WORK TO COMPLETE: Nothing outside the lines below from the one containing "Zofia Graziewicz birth" through the one containing "图片[5]-股市大剖析！传授" is to be printed; print those exactly, ends included, and drop the pictures.

DATA SUPPLIED:
· · · · ·

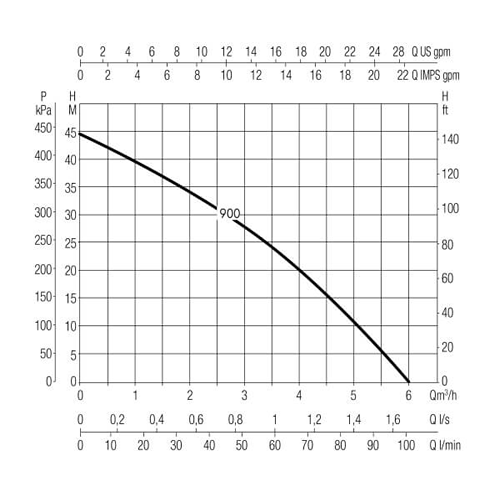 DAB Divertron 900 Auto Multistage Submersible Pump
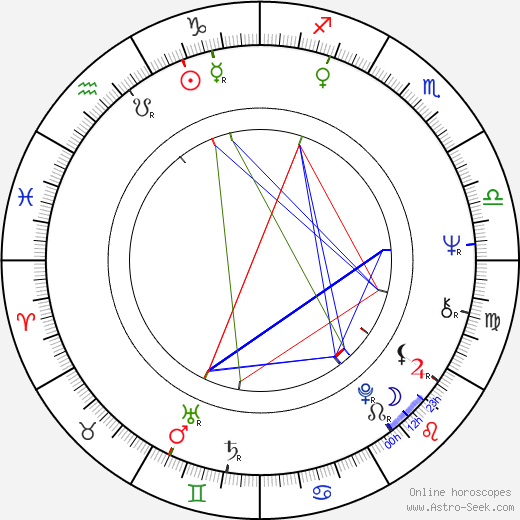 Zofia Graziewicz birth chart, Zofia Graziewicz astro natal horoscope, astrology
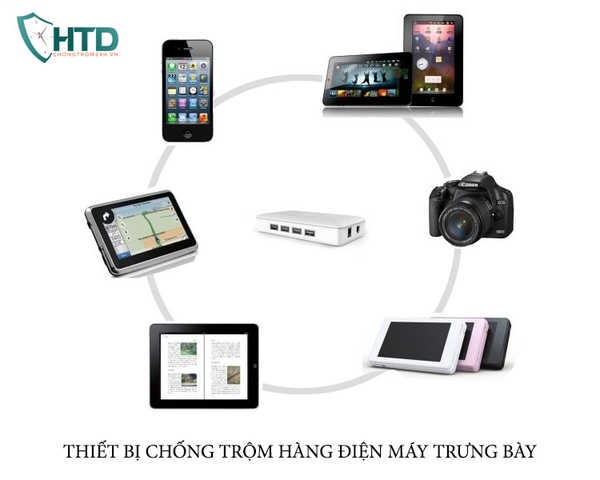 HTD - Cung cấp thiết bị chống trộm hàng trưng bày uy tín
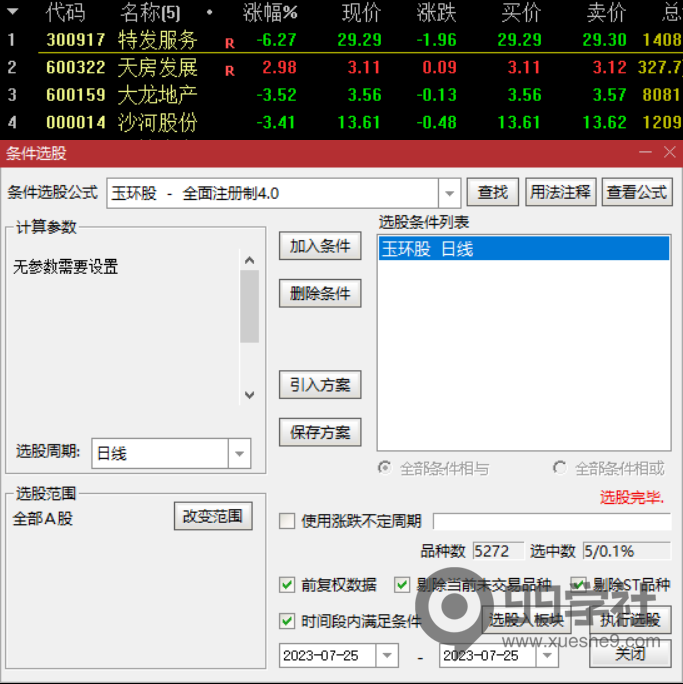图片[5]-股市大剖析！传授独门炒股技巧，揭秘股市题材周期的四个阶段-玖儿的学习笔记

· · · · ·

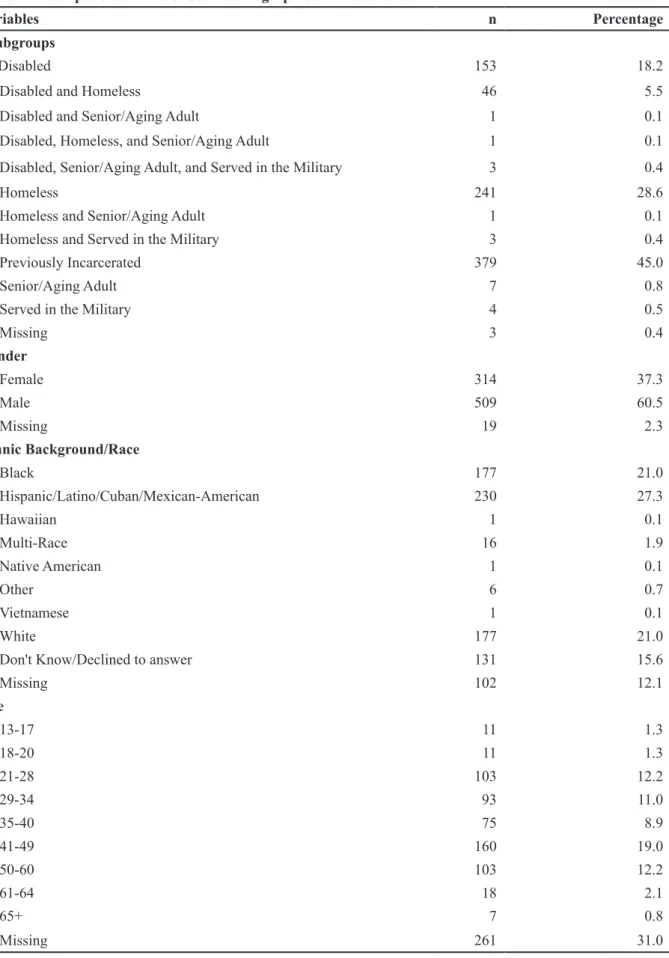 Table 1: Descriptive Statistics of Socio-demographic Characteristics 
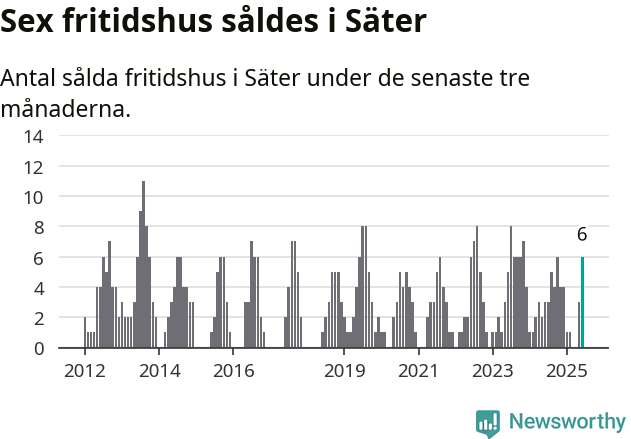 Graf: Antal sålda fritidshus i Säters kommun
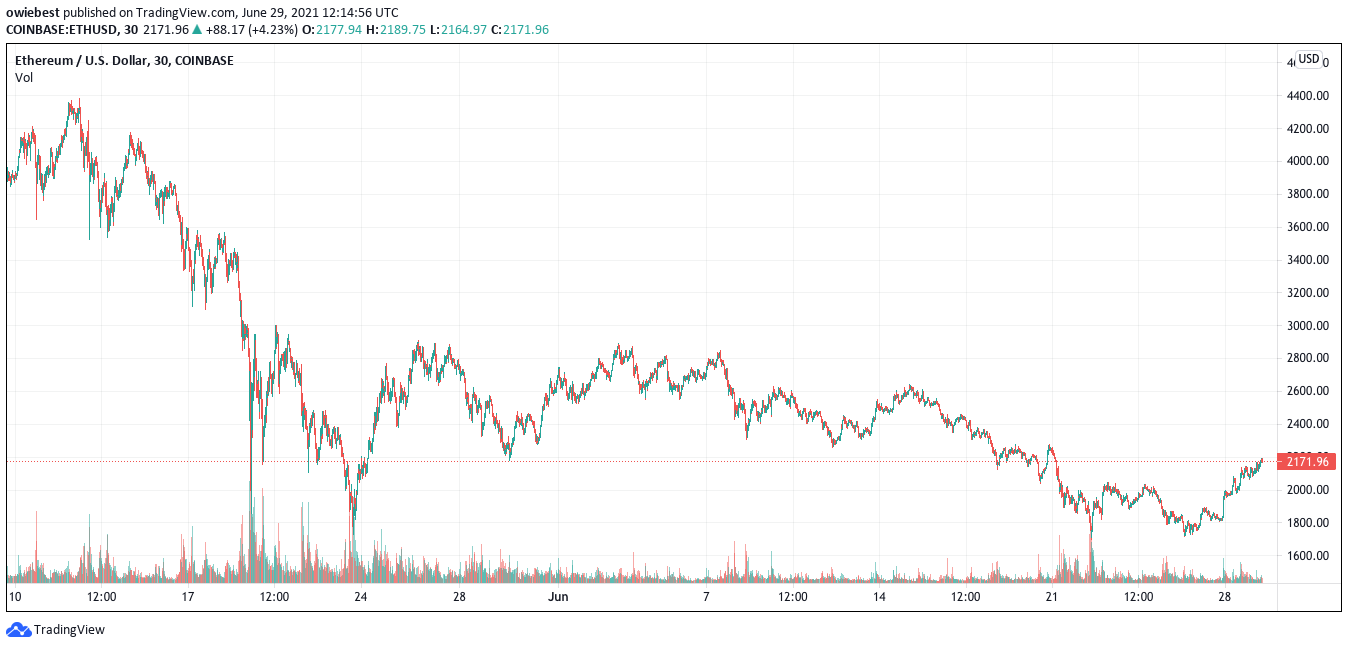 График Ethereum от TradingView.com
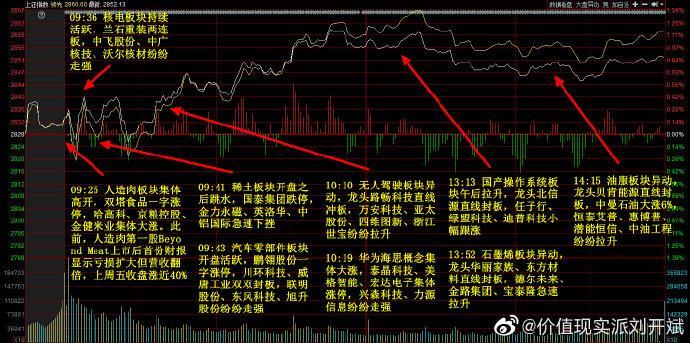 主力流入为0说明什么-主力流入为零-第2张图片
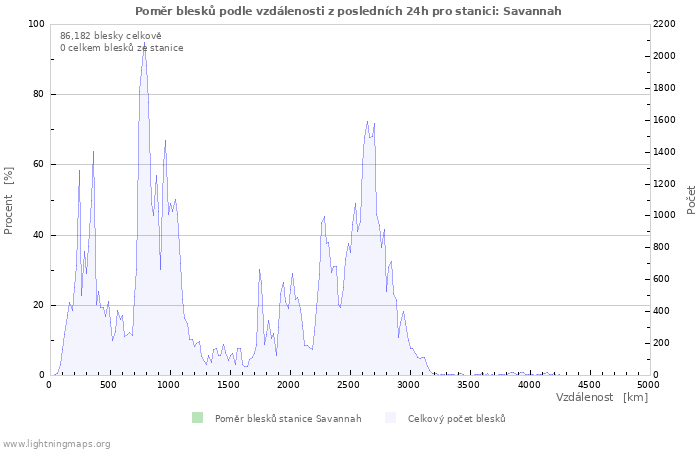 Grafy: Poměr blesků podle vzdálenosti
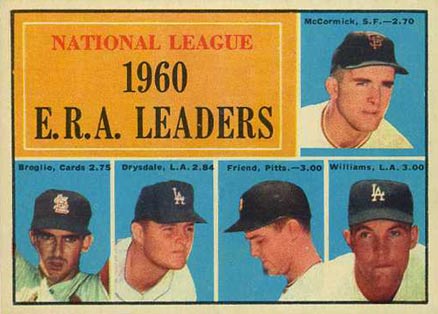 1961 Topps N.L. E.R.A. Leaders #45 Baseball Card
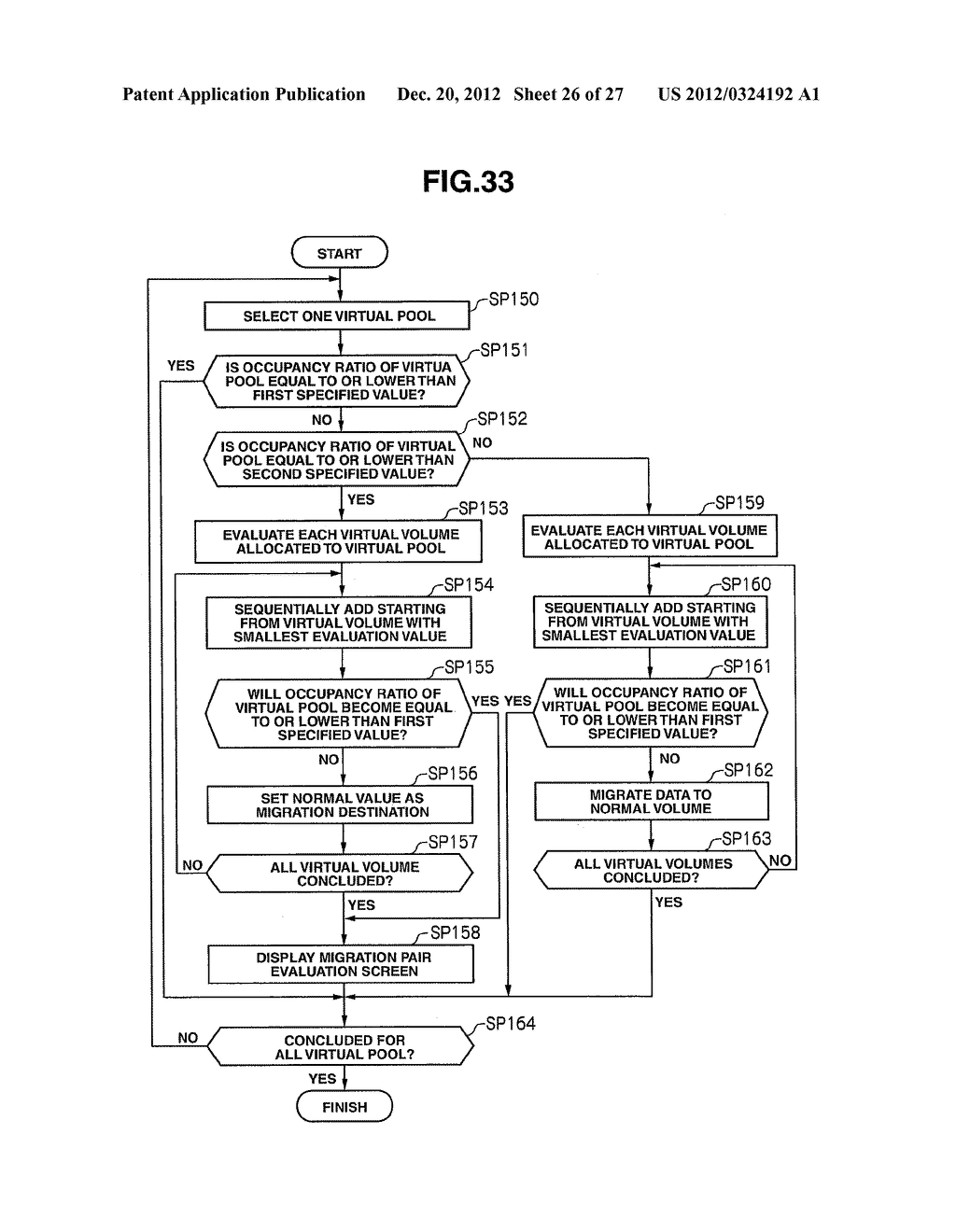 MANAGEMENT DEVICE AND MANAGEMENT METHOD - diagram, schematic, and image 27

· · · · ·

OUTPUT:
 Zofia Graziewicz birth chart, Zofia Graziewicz astro natal horoscope, astrology
 HTD - Cung cấp thiết bị chống trộm hàng trưng bày uy tín
图片[5]-股市大剖析！传授独门炒股技巧，揭秘股市题材周期的四个阶段-玖儿的学习笔记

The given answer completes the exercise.